One item that is not indicated in the table is $E[(X \wedge d)^k]$ for Pareto Type II, which is given below.

$\displaystyle E[(X \wedge d)^k]=\frac{\theta^k \Gamma(k+1) \Gamma(\alpha-k)}{\Gamma(\alpha)} \beta[k+1, \alpha-k; \frac{d}{d+\theta}]+d^k \biggl(\frac{\theta}{d+\theta} \biggr)^\alpha$

where $\beta(\text{ }, \text{ }; \text{ })$ is the incomplete beta function, which is defined as follows:

$\displaystyle \beta(a, b; x)=\frac{\Gamma(a+b)}{\Gamma(a) \Gamma(b)} \int_0^x t^{a-1} \ (1-t)^{b-1} \ dt$

for any $a>0$, $b>0$ and $0.

Discussion

The above table describes two distributions that are called Pareto (Type I and Type II Lomax). Each of them has two parameters – $\alpha$ (shape parameter) and $\theta$ (scale parameter). The support of Pareto Type I is the interval $\theta,\infty)$. In other words, Pareto type I distribution can only take on real numbers greater than the scale parameter $\theta$. On the other hand, the support of Pareto Type II is the interval $(0,\infty)$. So a Pareto Type II distribution can take on any positive real numbers.

The two distributions are mathematically related. Judging from the PDF, it is clear that the PDF of Pareto Type II is the result of shifting Type I PDF to the left by the magnitude of $\theta$ (the same can be said about the CDF and survival function). More specifically, let $X_1$ be a random variable that follows a Pareto Type I distribution with parameters $\alpha$ and $\theta$. Let $X_2=X_1-\theta$. It is straightforward to verify that $X_2$ has a Pareto Type II distribution, i.e. its CDF and other distributional quantities are the same as the ones shown in the above table under Pareto Type II. If having the same parameters, the two distributions are essentially the same, in that each one is the result of shifting the other one by the amount $\theta$.

A further indication that the two types are of the same distributional shape is that the variances are identical.

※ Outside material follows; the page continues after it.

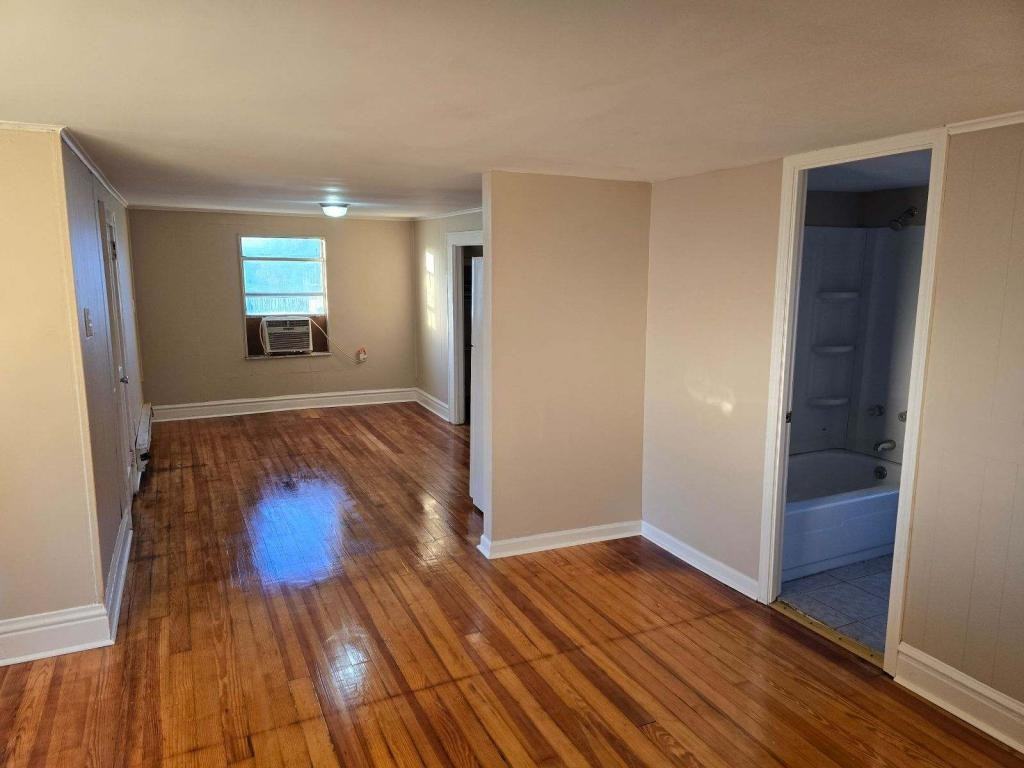 2470 Collis Ave - Photo 2 of 6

Note that shifting a distribution to the left (or right) by a constant does not change the variance.

Since the two Pareto Types are the same distribution (except for the shifting), they share similar mathematical properties. For example, both distributions are heavy tailed distributions. In other words, they significantly put more probabilities on larger values. This point is discussed in more details below.

Calculation

First, the calculations. The moments are determined by the integral $\int_\theta^\infty x^k \ f(x) \ dx$ where $f(x)$ is the PDF of the distribution in question. Because of the PDF for Pareto Type I is easy to work with, almost all the items under Pareto Type I are quite accessible. For example, the item 8c for Pareto Type I is calculated by the following integral.

$\displaystyle E[(X \wedge d)^k]=\int_\theta^d x^k \ \frac{\alpha \theta^\alpha}{x^{\alpha+1}} \ dx+d^k \ \biggl(\frac{\theta}{x}\biggr)^\alpha$

In the remaining discussion, the focus is on Pareto Type II calculations.

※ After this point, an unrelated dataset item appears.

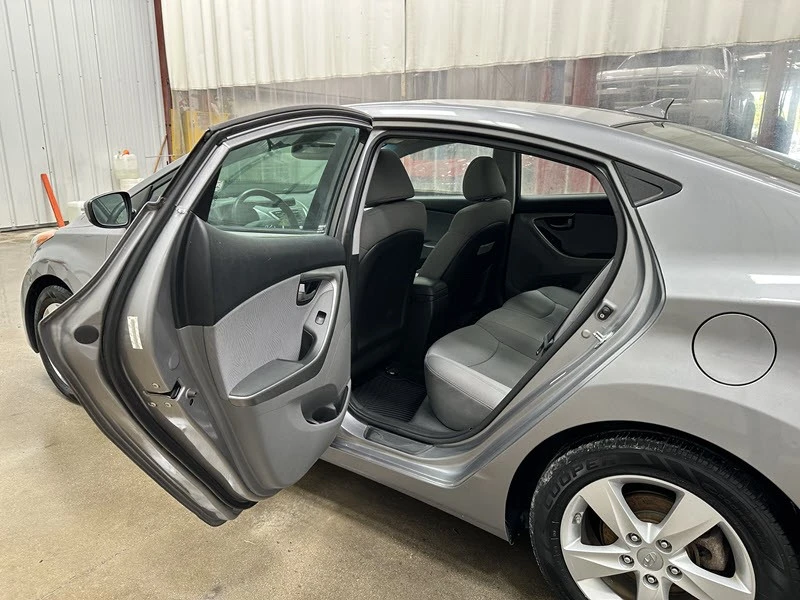 2012 Hyundai Elantra - Image 13 of 21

The Pareto $k$th moment $E(X^k)$ is definition the integral $\int_0^\infty x^k f(x) \ dx$ where $f(x)$ is the Pareto Type II PDF. However, it is difficult to perform this integral. The best way to evaluate the moments in row 5 in the above table is to use the fact that Pareto Type II distribution is a mixture of exponential distributions with gamma mixing weight (see Example 2 here). Thus the moments of Pareto Type II can be obtained by integrating the conditional conditional $k$th moment of the exponential distribution with gamma weight. The following shows the calculation.

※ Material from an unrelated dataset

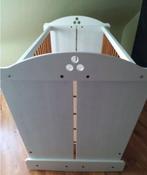 Evoluerend kinderbed in massief grenenhout gemaakt in Frankr, Kinderen en Baby's, Ophalen, Zo goed als nieuw, Minder dan 140 cm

\displaystyle \begin{aligned} E(X^k)&=\int_0^\infty E(X^k \lvert \lambda) \ \frac{1}{\Gamma(\alpha)} \ \theta^\alpha \ \lambda^{\alpha-1} \ e^{-\theta \lambda} \ d \lambda \\&=\int_0^\infty \frac{\Gamma(k+1)}{\lambda^k} \ \frac{1}{\Gamma(\alpha)} \ \theta^\alpha \ \lambda^{\alpha-1} \ e^{-\theta \lambda} \ d \lambda \\&=\frac{\Gamma(k+1)}{\Gamma(\alpha)} \int_0^\infty \theta^\alpha \ \lambda^{\alpha-k-1} \ e^{-\theta \lambda} \ d \lambda \\&=\frac{\theta^k \ \Gamma(k+1) \Gamma(\alpha-k)}{\Gamma(\alpha)} \int_0^\infty \frac{1}{\Gamma(\alpha-k)} \ \theta^{\alpha-k} \ \lambda^{\alpha-k-1} \ e^{-\theta \lambda} \ d \lambda \\&=\frac{\theta^k \ \Gamma(k+1) \Gamma(\alpha-k)}{\Gamma(\alpha)} \end{aligned}

In the above derivation, the conditional $X \lvert \Lambda$ is assumed to have an exponential distribution with mean $\Lambda$. The random variable $\Lambda$ in turns has a gamma distribution with shape parameter $\alpha$ and rate parameter $\theta$. The integrand in the integral in the second to the last step is a gamma density, making the value of the integral 1.0. When $k$ is an integer, $E(X^k)$ can be simplified as indicated in row 5.

The next calculation is the mean excess loss. It is the conditional expected value $E(X-d \lvert X>d)$. If $X$ is an insurance loss and $d$ is some kind of threshold (e.g. the deductible in an insurance policy that covers this loss), then $E(X-d \lvert X>d)$ is the expected loss in excess of the threshold $d$ given that the loss exceeds $d$. If $X$ is the lifetime of an individual, then $E(X-d \lvert X>d)$ is the expected remaining lifetime given that the individual has survived to age $d$.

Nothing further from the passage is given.